◆ **Exercise description**: Your response to the data below should hold nothing except the lines from the one containing "New songs to learn." down to the one containing "Белый Мерседес Sprinter, объемом", reproduced exactly and without pictures.
━━━ Dataset extract
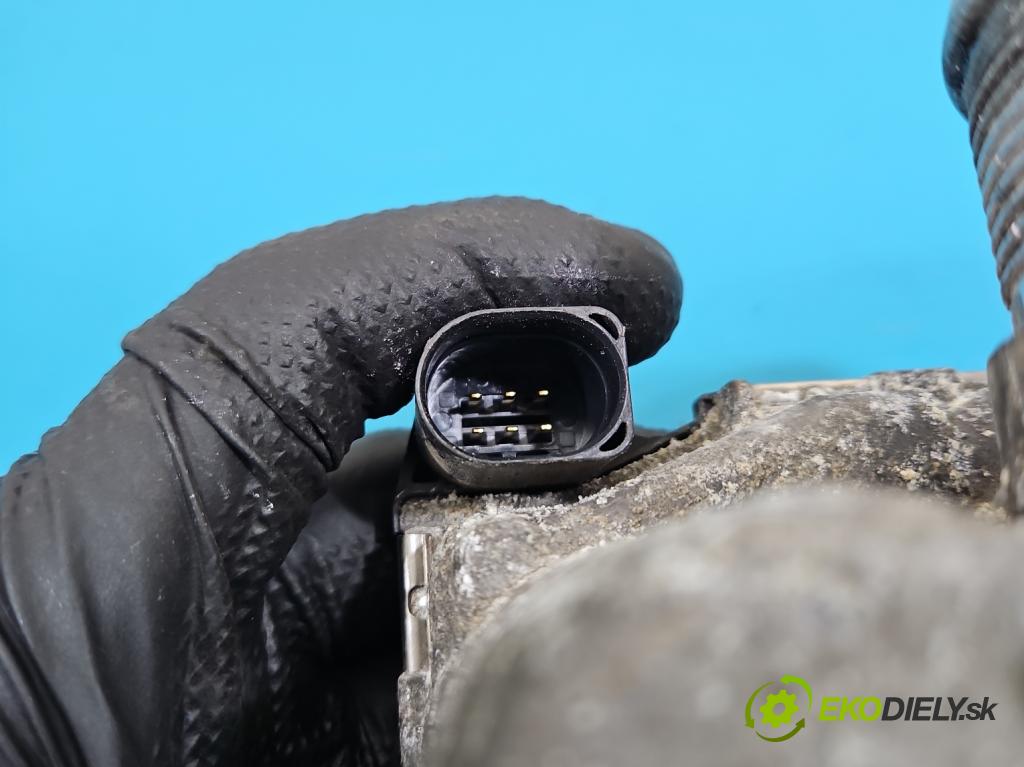 Skoda Octavia III 2013- 2.0 TSI 190 hp automatic 140 kW 1984 cm3 5- škrticí klapka 06K133062AK (Škrticí klapka)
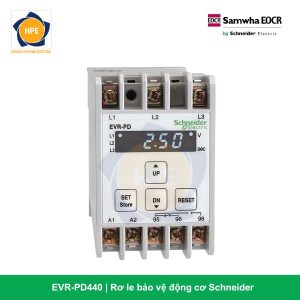 EVR-PD440 - Rơ le bảo vệ 3 pha 440V (mã thay thế EVRPD-44U)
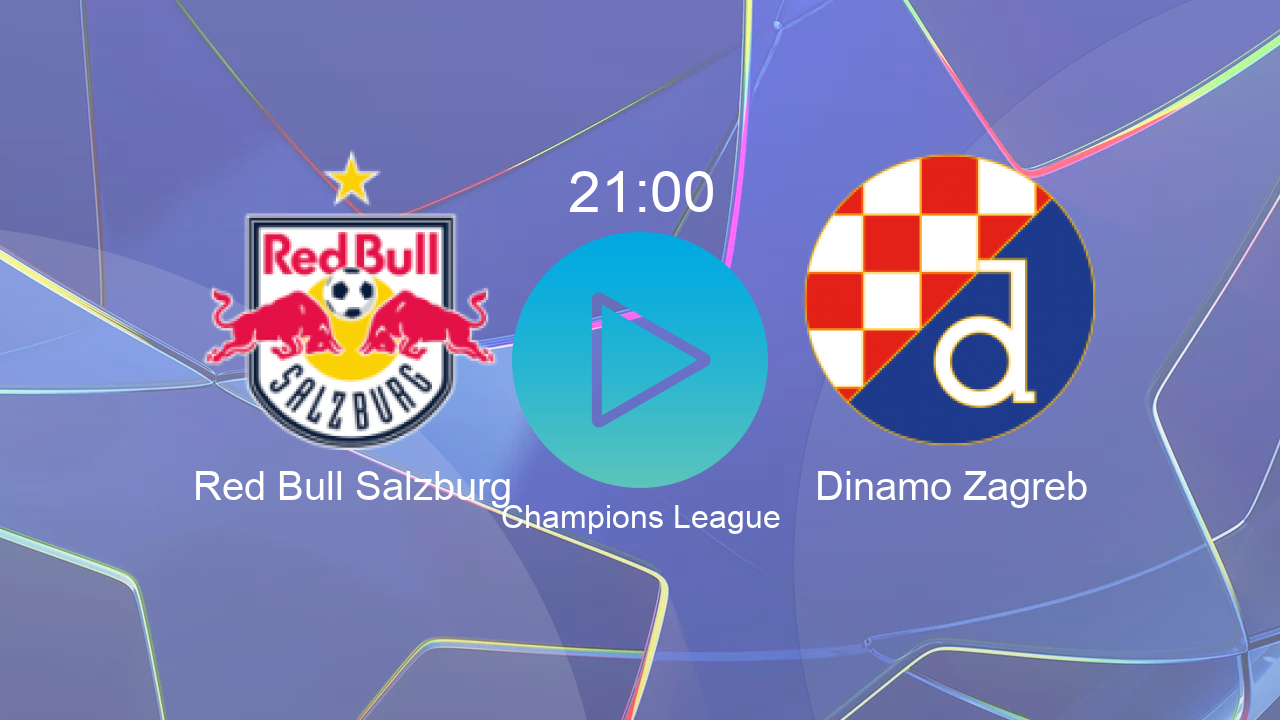  Red Bull Salzburg 21:00 Dinamo Zagreb - Champions League hoy: hora, canal, TV y dónde ver online el partido de LaLiga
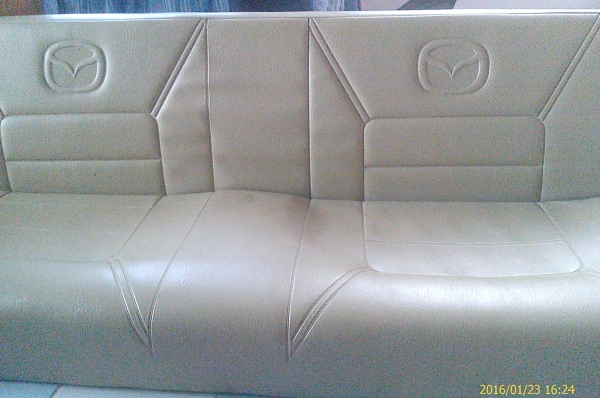 เบาะแคปมีพนักพิง หนานุ่ม แข็งแรง นั่งสบาย เบาะแคปมีพนักพิง หนานุ่ม แข็งแรง นั่งสบาย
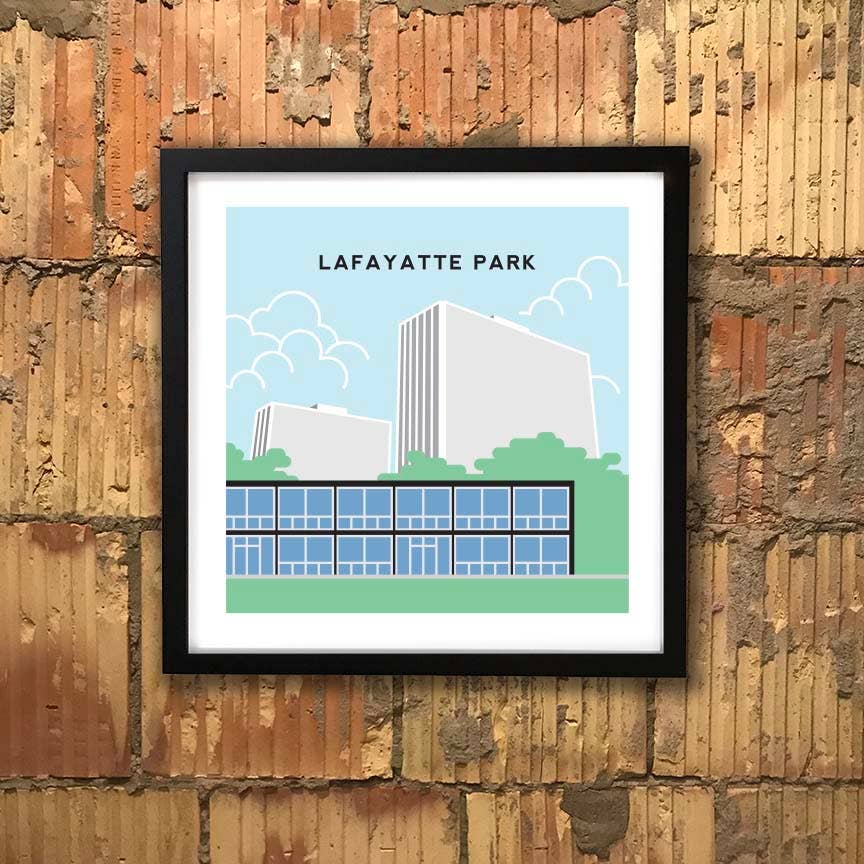 Lafayette Park print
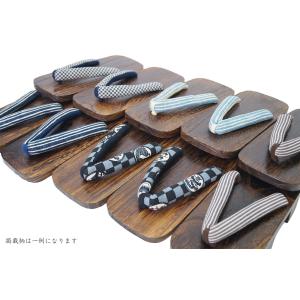 下駄 メンズ 二枚歯 紳士 桐下駄 PO-47...の詳細画像4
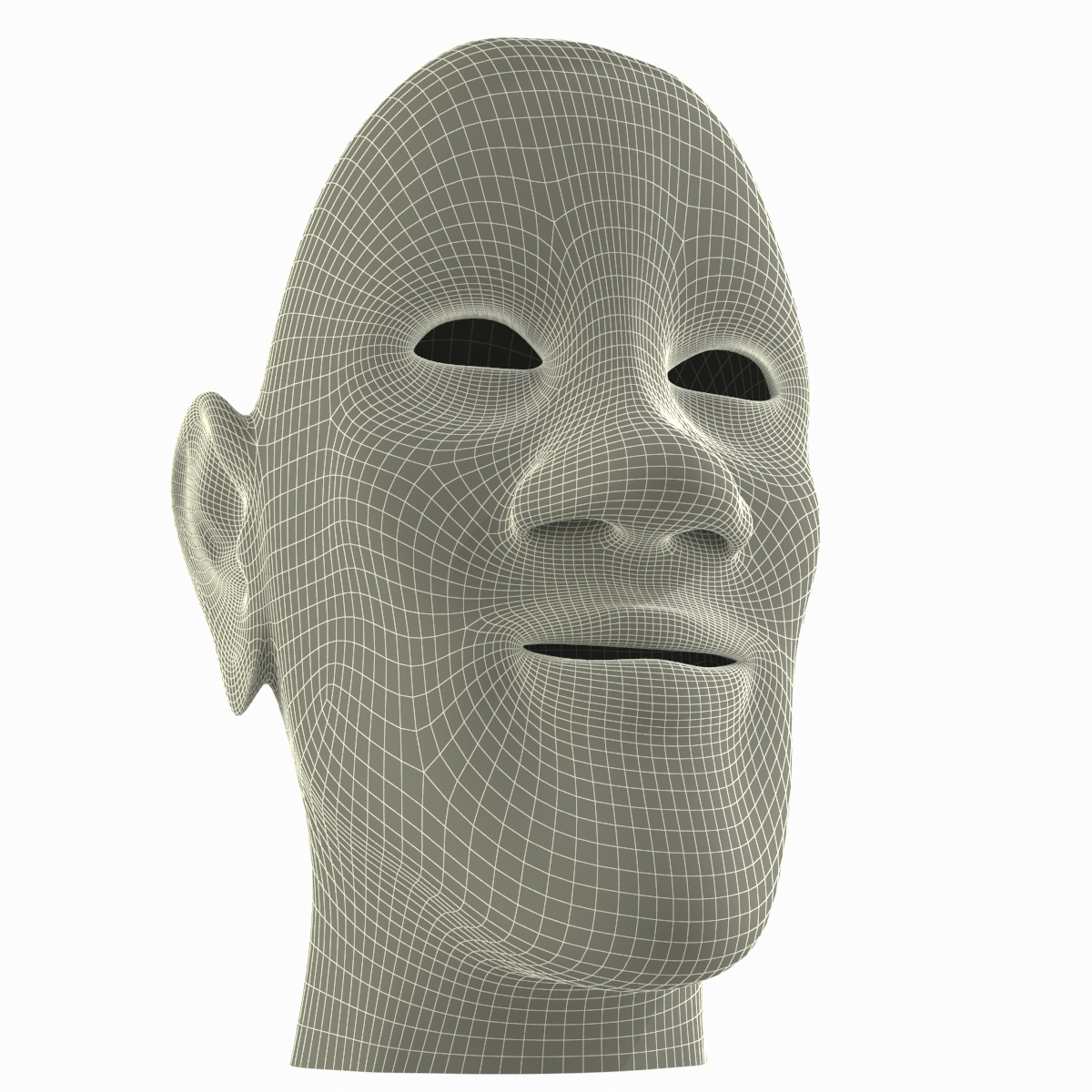 Что изменяет отображение edged faces 3ds max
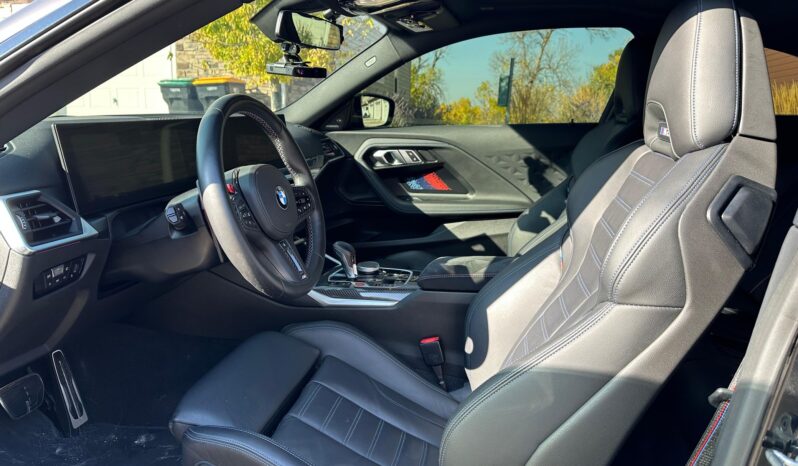 								2023 BMW M2 453-hp full									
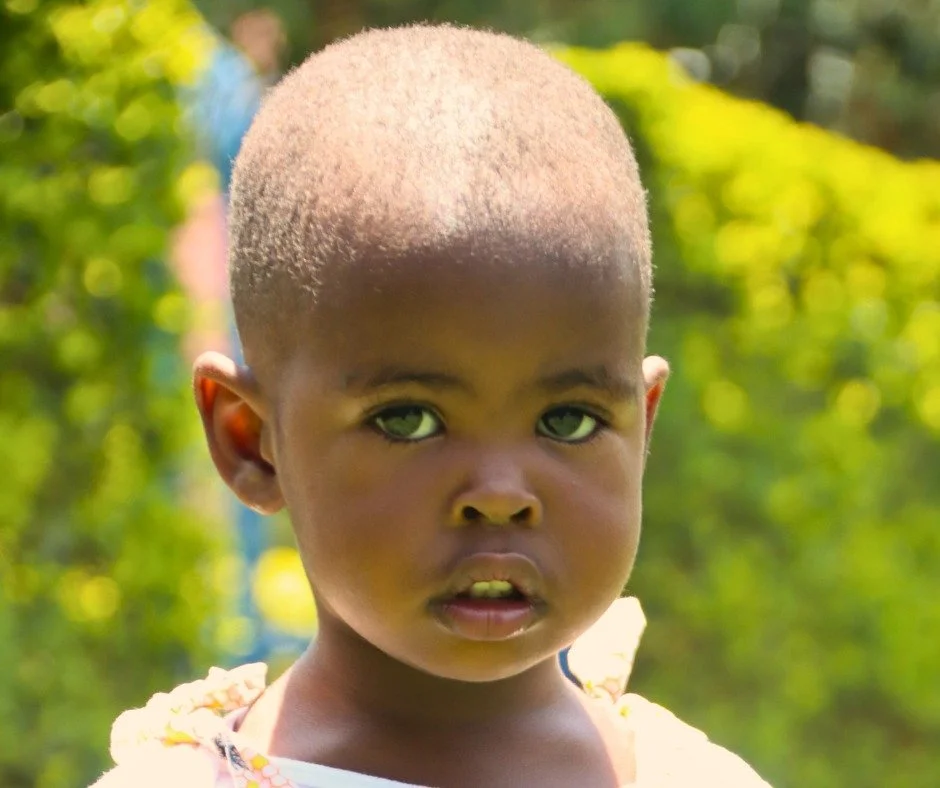 Imagine being two years old and getting ready for your very first school experience.

There are new faces to meet.
New things to discover.
New songs to learn.
New friends to make.

That opportunity is waiting for nine children at Rwanda Children.

Th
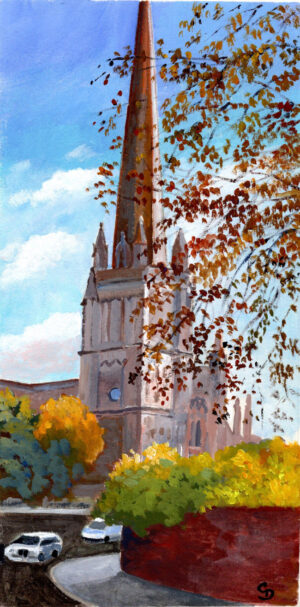 St Mary Redcliffe Bristol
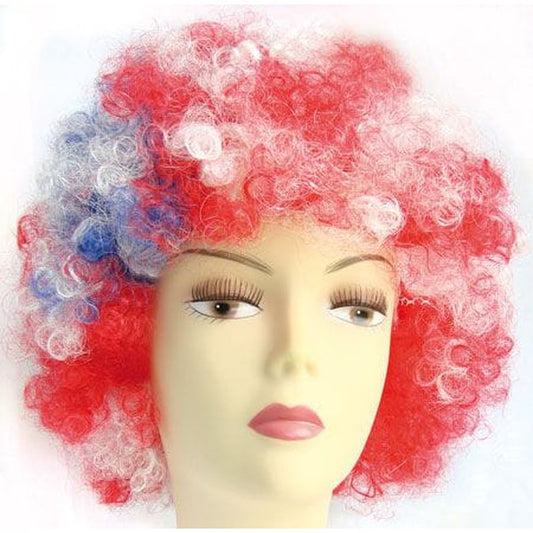 Dream Hair Wig Afro Medium Synthetic Hair, Kunsthaar Perücke, Afroperücke, Colour:USA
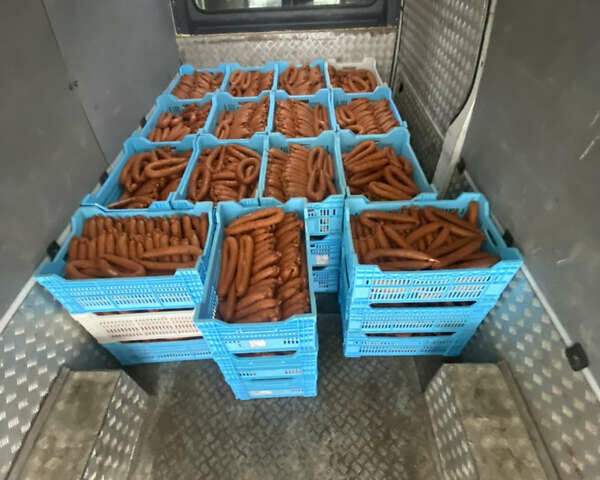 Белый Мерседес Sprinter, объемом двигателя 2.2 л и пробегом 497 тыс. км за 10900 $, фото 41 на Automoto.ua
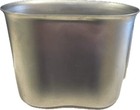 Original Us Military Issue Stainless Steel Canteen Cup Made In Usa Authentic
━━━━━━
◆ **Reply**:
New songs to learn.
New friends to make.

That opportunity is waiting for nine children at Rwanda Children.

Th
 St Mary Redcliffe Bristol
 Dream Hair Wig Afro Medium Synthetic Hair, Kunsthaar Perücke, Afroperücke, Colour:USA
 Белый Мерседес Sprinter, объемом двигателя 2.2 л и пробегом 497 тыс. км за 10900 $, фото 41 на Automoto.ua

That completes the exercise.